** What is expected **
Without the pictures, restate all of the data below word for word.

** Data excerpt **
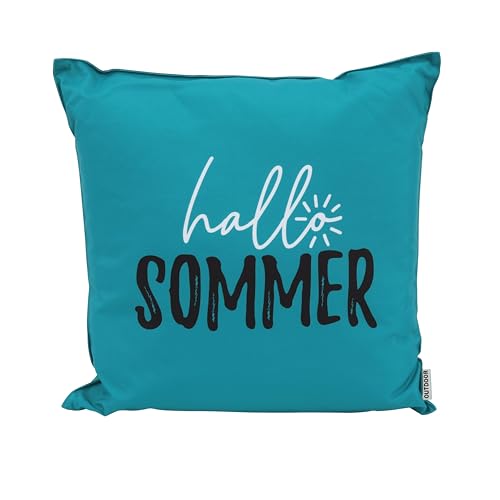 CB Home & Style Outdoor Garten Kissen Wasserabweisend 45x45cm mit Füllung...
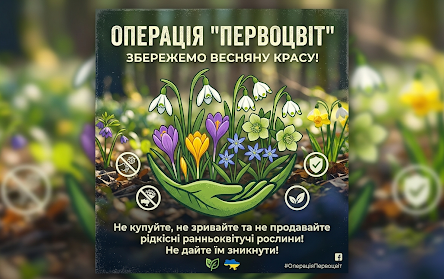 Операція «Первоцвіт – 2026»: кам’янчанам розповіли, як не стати правопорушником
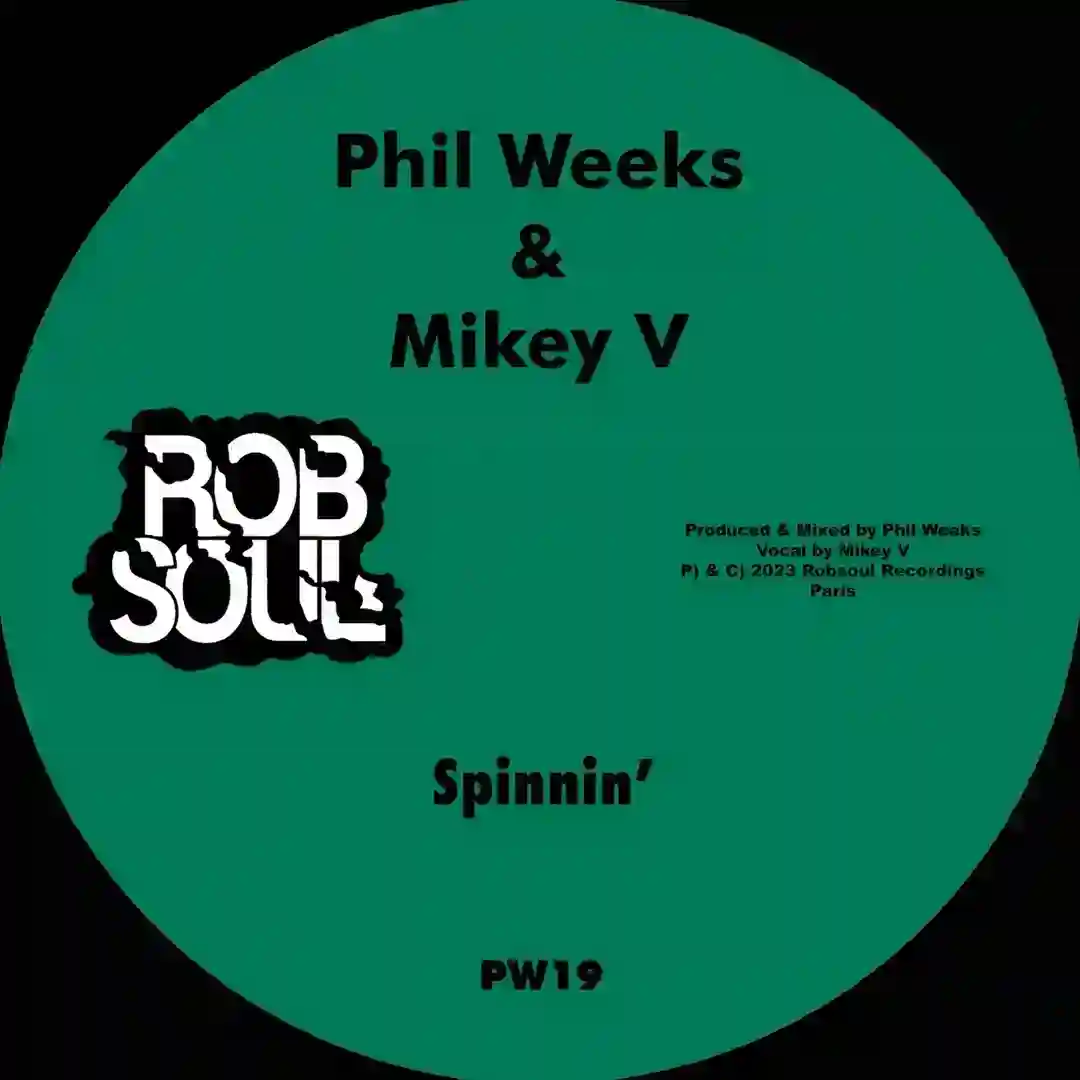 Spinnin' (Original Mix) cover
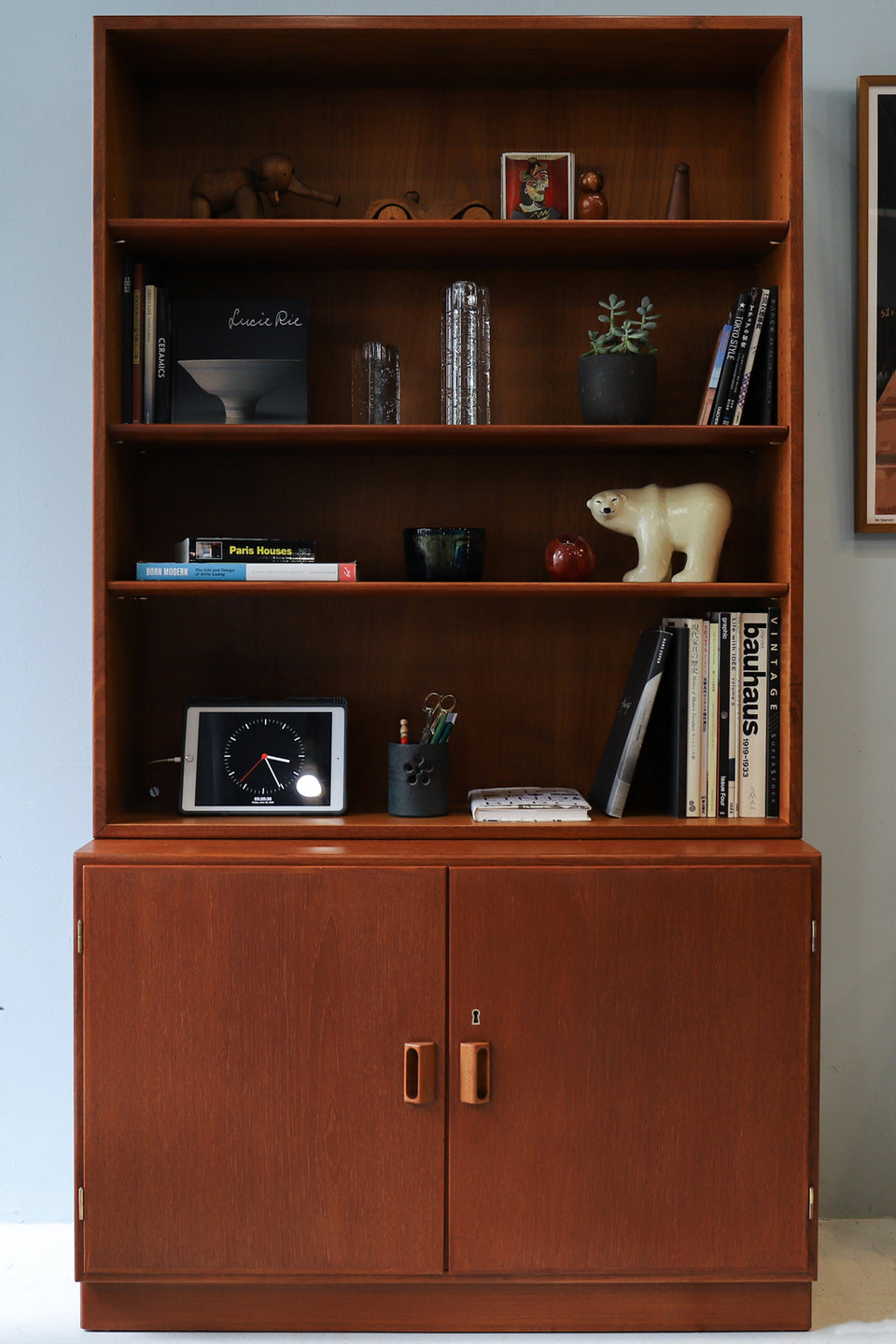 Børge Mogensen Book Case Cabinet Søborg Møbler/ボーエ・モーエンセン ブックケース キャビネット ソボーモブラー デンマーク 北欧ヴィンテージ 収納家具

** Answer space **
 CB Home & Style Outdoor Garten Kissen Wasserabweisend 45x45cm mit Füllung...
 Операція «Первоцвіт – 2026»: кам’янчанам розповіли, як не стати правопорушником
 Spinnin' (Original Mix) cover
 Børge Mogensen Book Case Cabinet Søborg Møbler/ボーエ・モーエンセン ブックケース キャビネット ソボーモブラー デンマーク 北欧ヴィンテージ 収納家具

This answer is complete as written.